The Twentieth Century and Beyond

In the decades after World War II, the Casa Italiana was a busy place; the curator of this exhibition, Barbara Faedda (author of the original gallery exhibition and the book on the early history of the building) is now continuing her research: both expanding the early history and exploring the decades after World War II. The next volume will bring the story up to the early 1990s, when the Casa Italiana became the seat of the Italian Academy for Advanced Studies in America, one of the world's leading research centers.
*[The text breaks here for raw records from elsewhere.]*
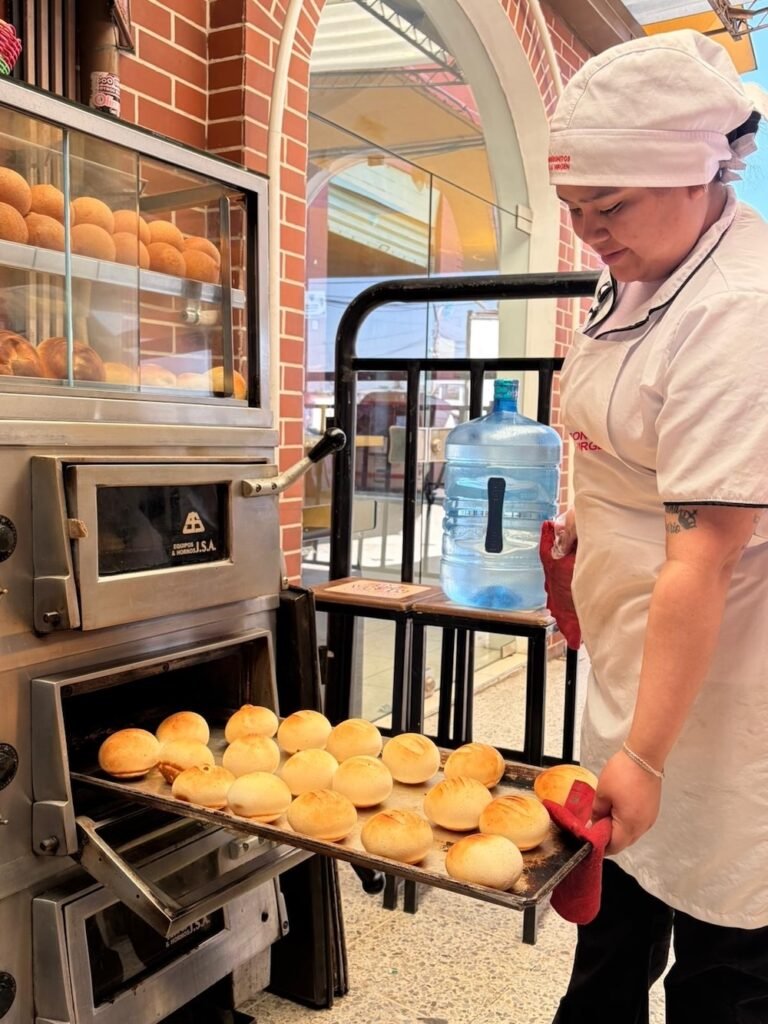 Woman with a fresh tray of pan de bolo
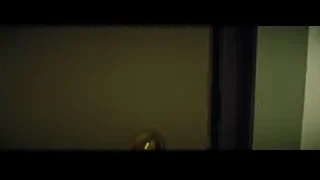 young woman looking out window in dim room — La La Land
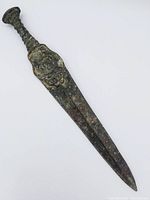 Full view of the old cutting tool showing the entire blade and handle with patina and corrosion.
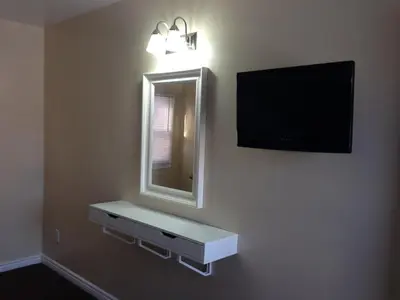a bathroom with a mirror and a television on the wall at Davidson Motel in Paris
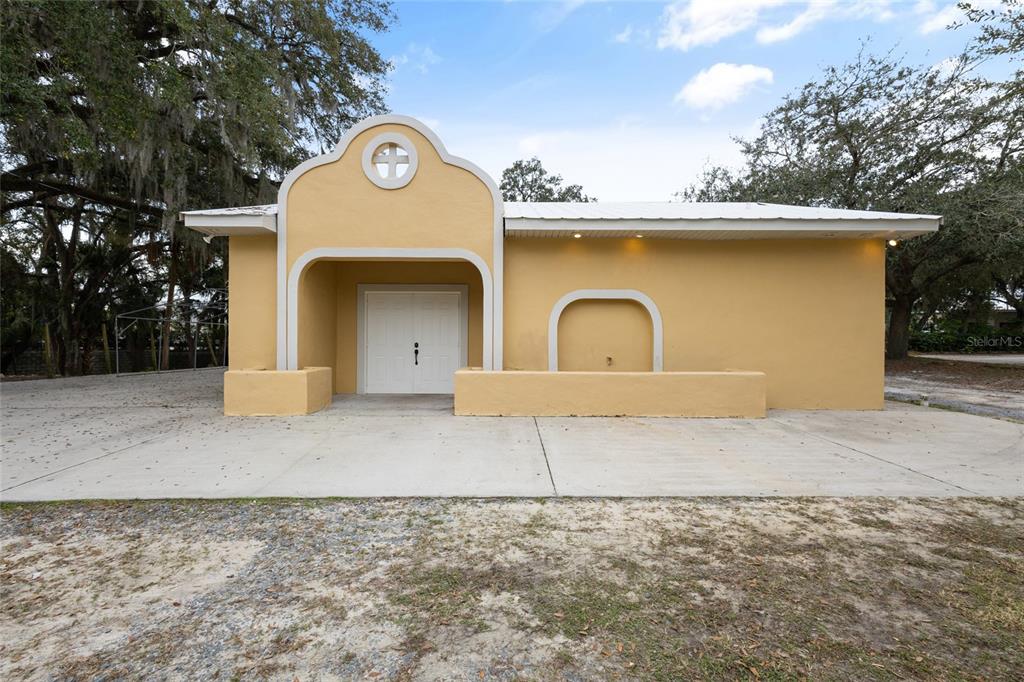 The exterior of a yellow, single-story building features a recessed double-door entrance and a decorative arch — 106 E BERESFORD AVENUE, DELAND, FL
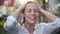 Happy Young Smiling Woman Having Fun In Rainy Weather. Cheerful Lady Has Wet Hair In Summer Park.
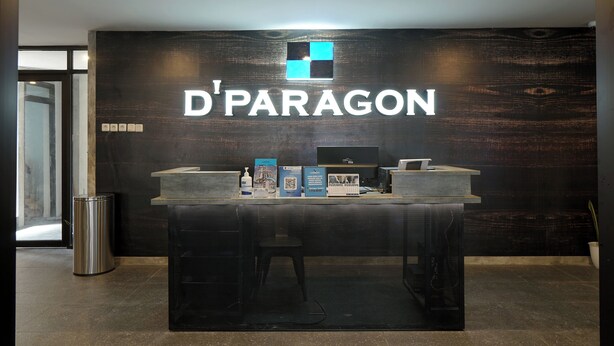 A reception desk with a sign reading "D'PARAGON" and a logo above it. - Dparagon Menteng (Jakarta)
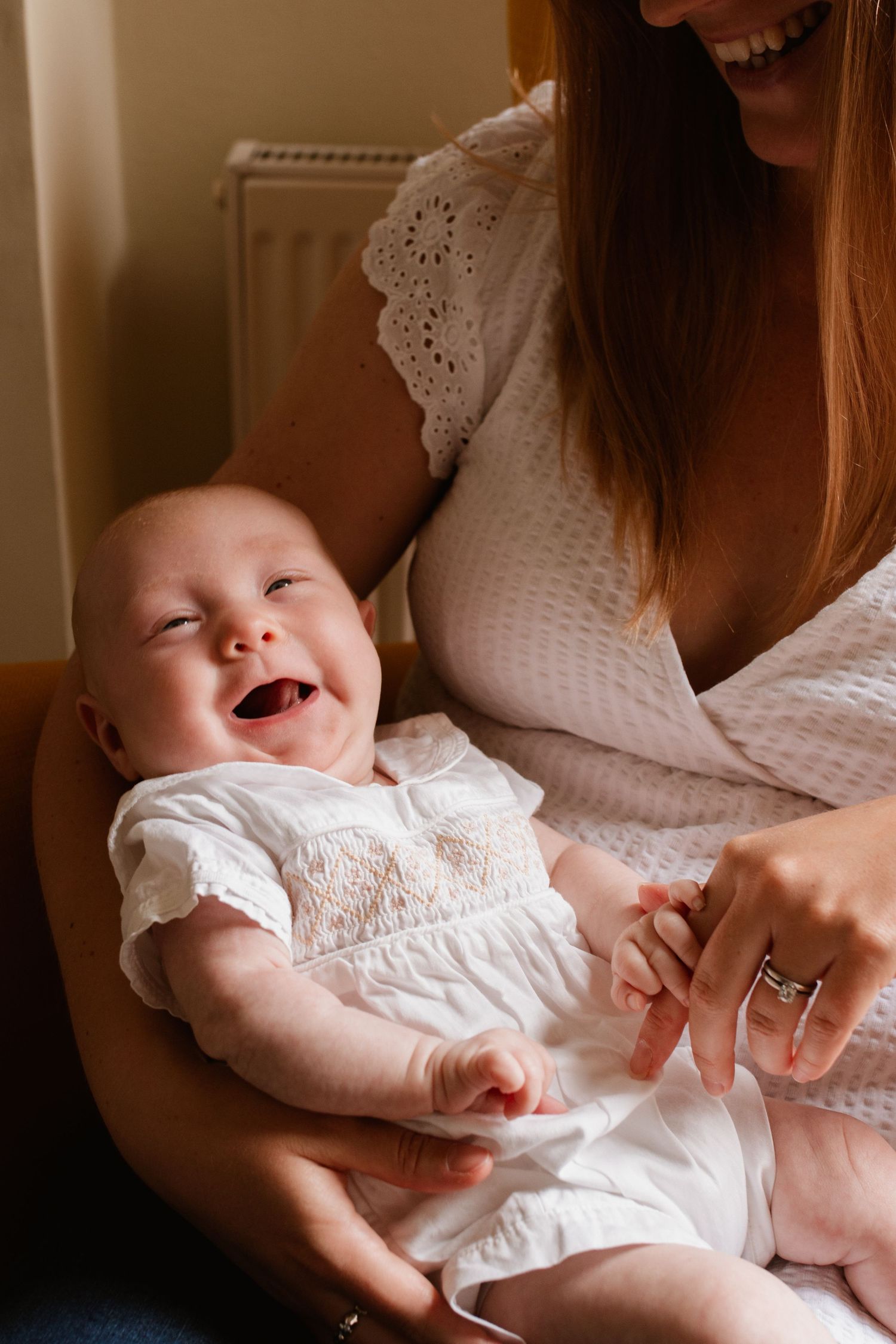 Baby in white outfit laughing while being held.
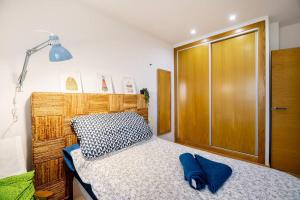 a bedroom with a bed and a wooden door at Apartamento cerca del hospital Virgen de la Arrixaca in Murcia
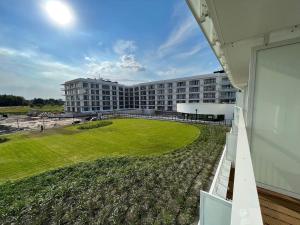 a large building with a green field in front of it at Polanki Aqua B 108 in Kołobrzeg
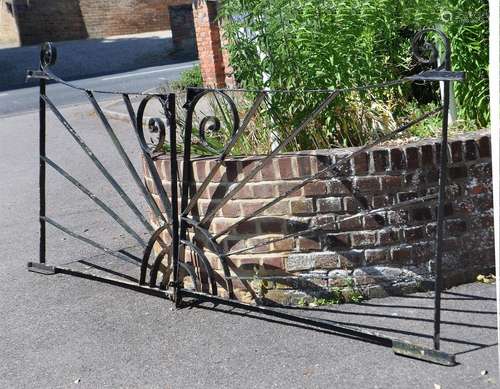 A PAIR OF BLACK PAINTED CAST IRON GARDEN GATES IN ART DECO S...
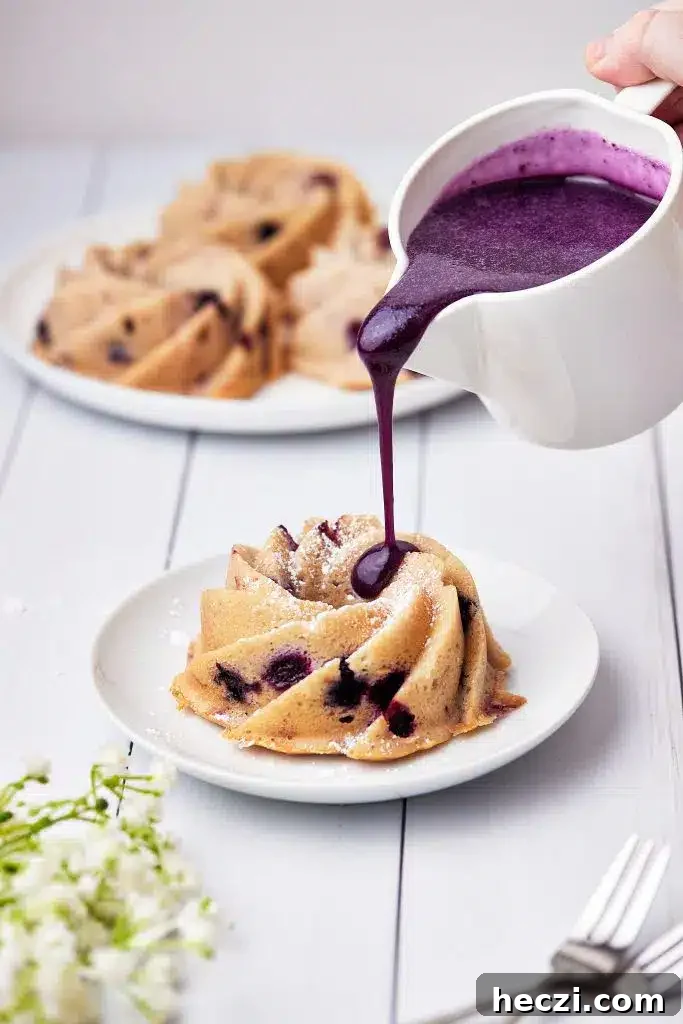pouring blueberry glaze on a blueberry bundt cake. 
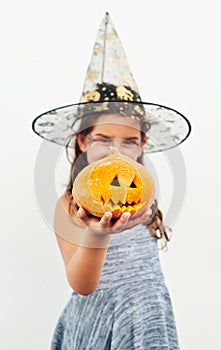 Isnt my pumpkin just bootiful. Shot of a little girl wearing a witch hat while holding a jack o lantern against a white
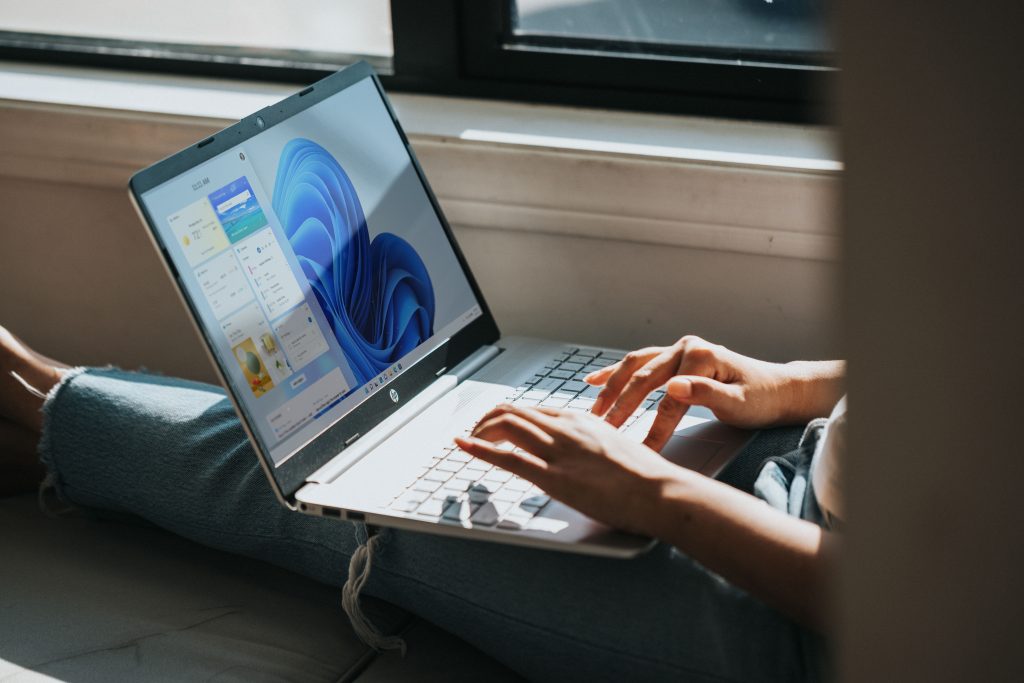 Fingers operating Windows 11 laptop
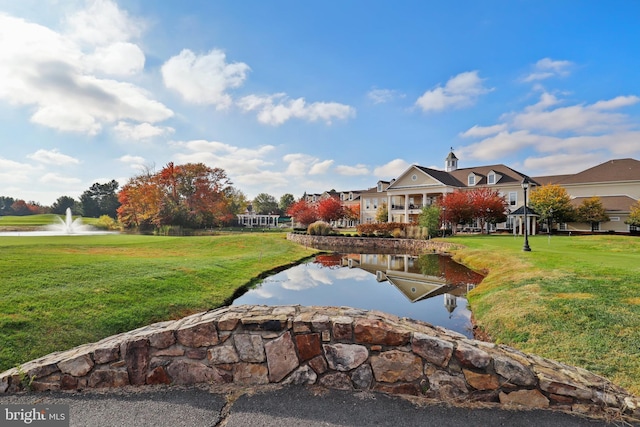 view of yard with a water view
Columbia University and the Republic of Italy, thanks to the efforts of Professor Maristella Lorch, together envisioned the Academy as a new institute for the promotion of the most thorough research and academic discussion on Italian art, culture, and science.

The renovated building was therefore designed for the Academy's post-doctoral mission, while the Italian Department, long housed in the Casa, relocated permanently to Hamilton Hall, where—drawing on the distinguished history that started with Da Ponte—it continues as perhaps America's leading program for graduate and undergraduate students.

Today the Academy's Fellowship Program attracts promising young scholars and scientists, along with distinguished authorities in the humanities and sciences, year after year.

The building was named a New York City landmark on March 28, 1978, and was extensively restored in the 1990s.

The Italian Academy's Home

The building is now filled with scholars and scientists from around the world, and it regularly welcomes the public for symposia, lectures, concerts, and art exhibitions (more here).

Photo of a large crowd in the Casa Italiana's Teatro for the event on art restitution.